OperationCode / operationcode-pybot

Operation Code's Official Slackbot
Other
31 stars 45 forks source link

Auto-Reply Functionality for Unformatted Code #167

Open togakangaroo opened 4 years ago

togakangaroo commented 4 years ago

Problem:

We tend to have people posting often who don't know the three main ways to format code on slack. A bot to help them do this properly would save everyone some time and annoyance. Plus it should be fun to code.

This bot will activate when there is a post where a subset of the lines contains something that looks like code but is not formatted as such

So how to determine if something looks like code? Two possible approaches.

1) Heuristically. There are libraries out there that auto-detect language. Presumably some of the same processes can be used to detect whether something is code at all. Example of something that does this: highlight.js

2) ML. This is actually a pretty decent use case for something like a tensorflow classifier. And we could train it off of the actual operation code logs!

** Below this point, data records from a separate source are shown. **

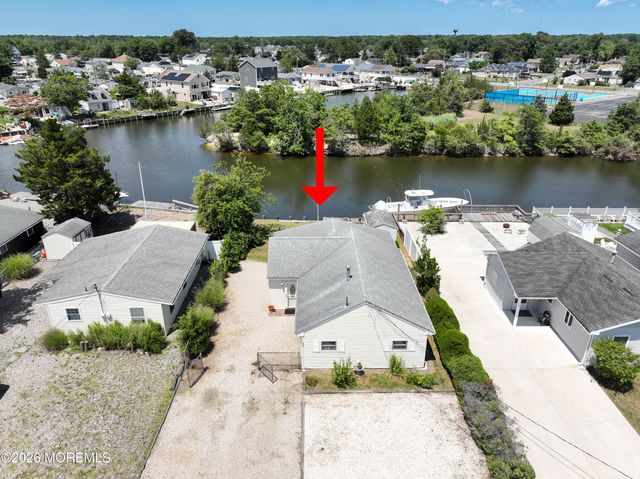 28 Lake Saint Clair Drive, Little Egg Harbor, NJ 08087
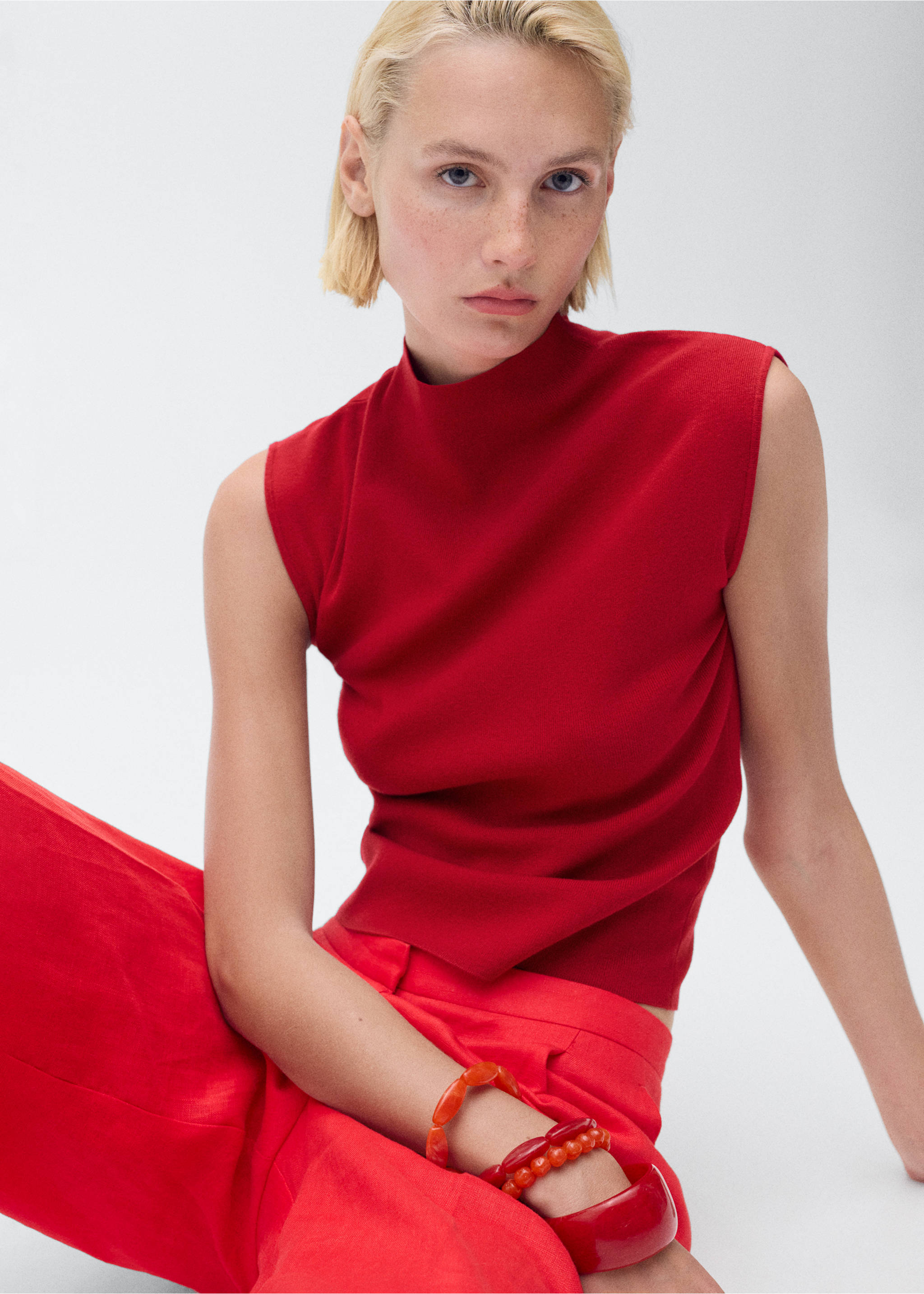 Perkins-neck knitted top - Details of the article 2, Red. Ref: 17094098-00.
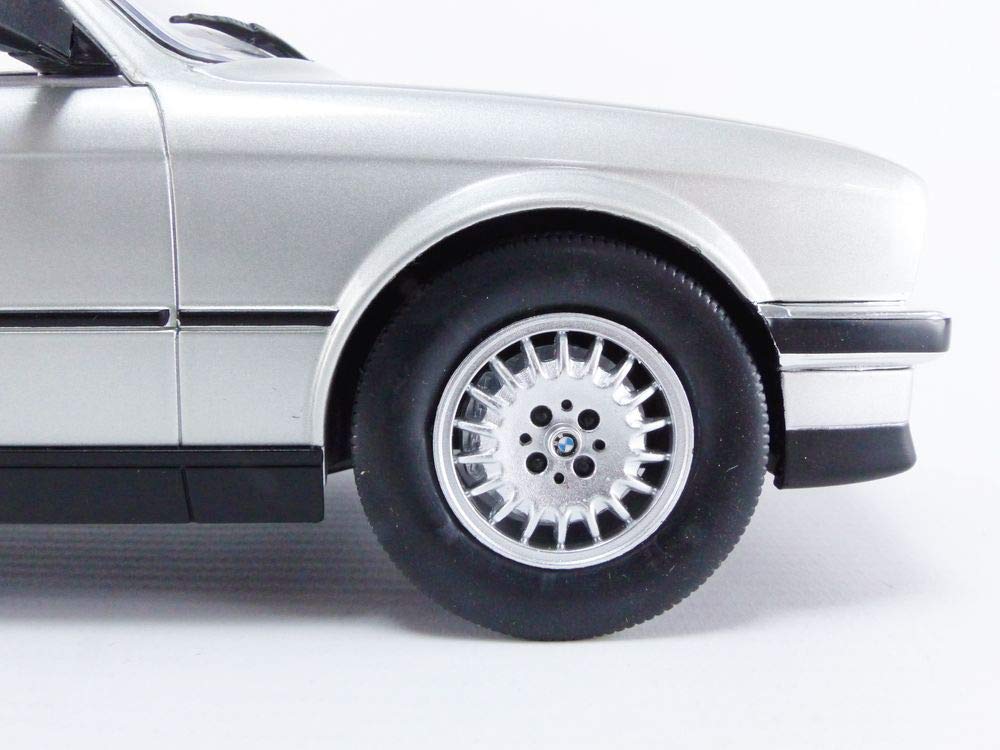 MCG 1:18 SCALE MODEL CAR BMW E30 325i cabrio 1985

togakangaroo commented 4 years ago

I bet if you do it as a standalone bot, other slacks would love something like that. Good OSS project overall

LivingInSyn commented 4 years ago

Pygments might be a good fit since we're already mostly python:

https://pygments.org/docs/api/#pygments.lexers.guess_lexer

jasonappah commented 4 years ago

I'd like to give this a shot!

aaron-junot commented 4 years ago

Go for it @jasonappah! Happy to see what you come up with.

JudsonStevens commented 2 years ago

I think this could be an interesting project to add into the rewrite. Looking at this example for Discourse (code here) I think we could translate this over to Python to fit into the bot. Alternatively we could just use the project in Javascript and have it run next to the bot.

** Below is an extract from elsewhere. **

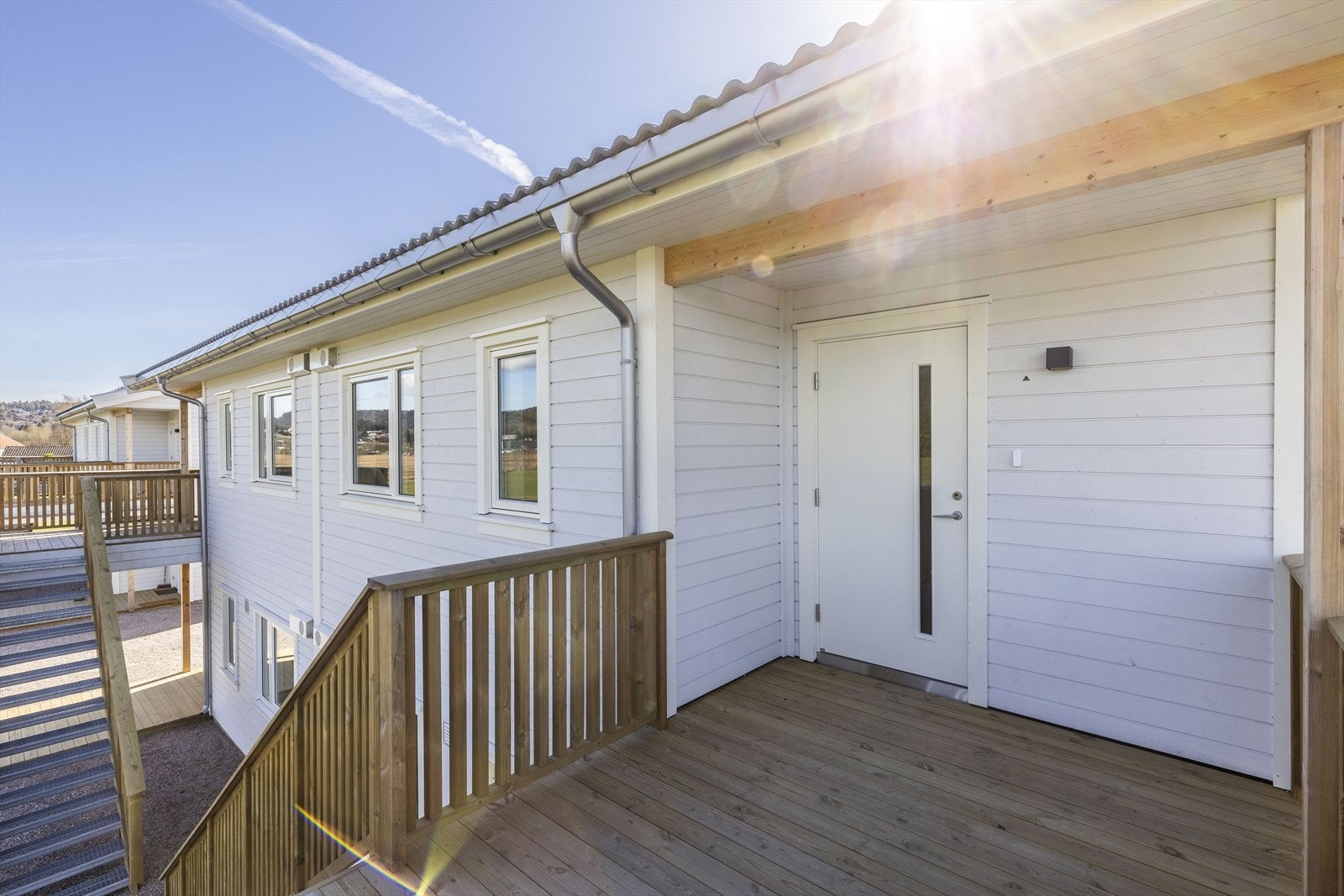 Delvis overbygget inngangsparti. Galleribilde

This is really a great opportunity for a Machine Learning project, but unfortunately for our situation I don't think that's the route we want to go. It would entail a good bit more infrastructure setup in order to have the model in production to be queryable - we could do something like train the model and just run it on the machine we use for the bot but even that would require a good bit more processing power/more powerful machine than we are currently using. I think the Regex based approach in the Discourse repository is the place to start.

JudsonStevens commented 2 years ago

Also, I tried Pygments and it was failing on some of the simpler examples I gave it, just detecting text - for example, this piece of text: I am using these codes before it .Embed_length = 25 model = Sequential() model.add(Embedding(vocab_size, Embed_length, input_length=1000)) model.add(SpatialDropout1D(0.2)) model.add(LSTM(10, dropout=0.5, recurrent_dropout=0.5)) parsed as <pygments.lexers.TextLexer>. I only tried it a couple times but it definitely seemed to default to text quite often.